Each entry is to be retyped without alteration, and no picture is to be included.

Records contained in a dataset:
:::::
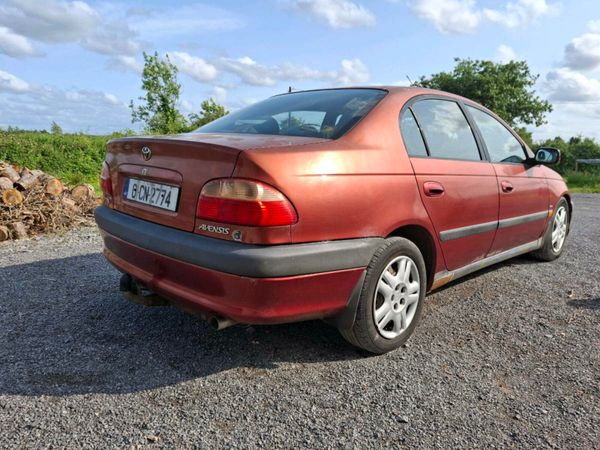 Toyota Avensis Saloon, Petrol, 2001, Red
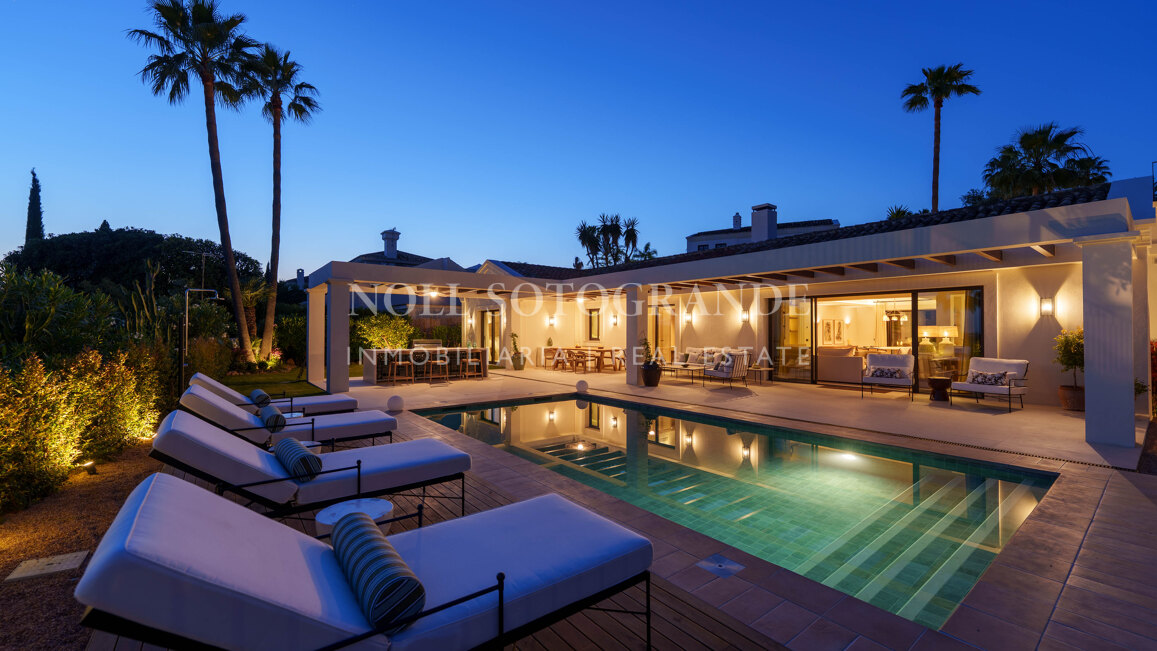 Villa zum Verkauf in Haza del Conde, Nueva Andalucia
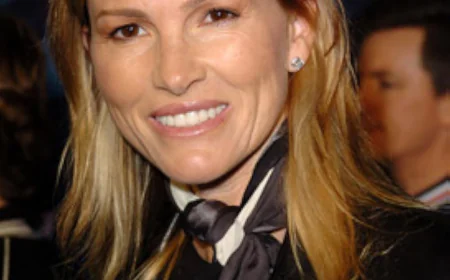 Janet Jones Net Worth, Relationships, Age/Birthdate & Birthday Facts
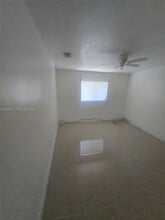 1149 NW 76th St in Miami, FL - Building Photo - Building Photo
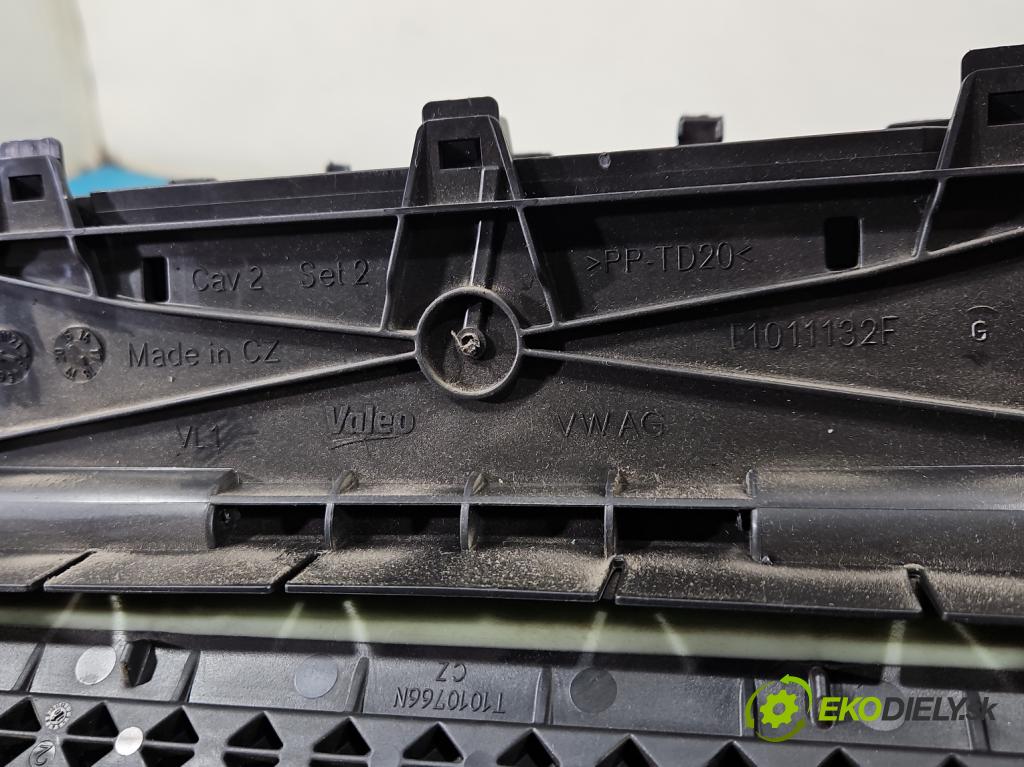 Skoda Kodiaq I 2.0 tdi 150 hp automatic 110 kW 1968 cm3 5- radiátor 4M0035504 (Radiátor topení)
:::::
# [ANSWER BOX]
 Toyota Avensis Saloon, Petrol, 2001, Red
 Villa zum Verkauf in Haza del Conde, Nueva Andalucia
 Janet Jones Net Worth, Relationships, Age/Birthdate & Birthday Facts
 1149 NW 76th St in Miami, FL - Building Photo - Building Photo
 Skoda Kodiaq I 2.0 tdi 150 hp automatic 110 kW 1968 cm3 5- radiátor 4M0035504 (Radiátor topení)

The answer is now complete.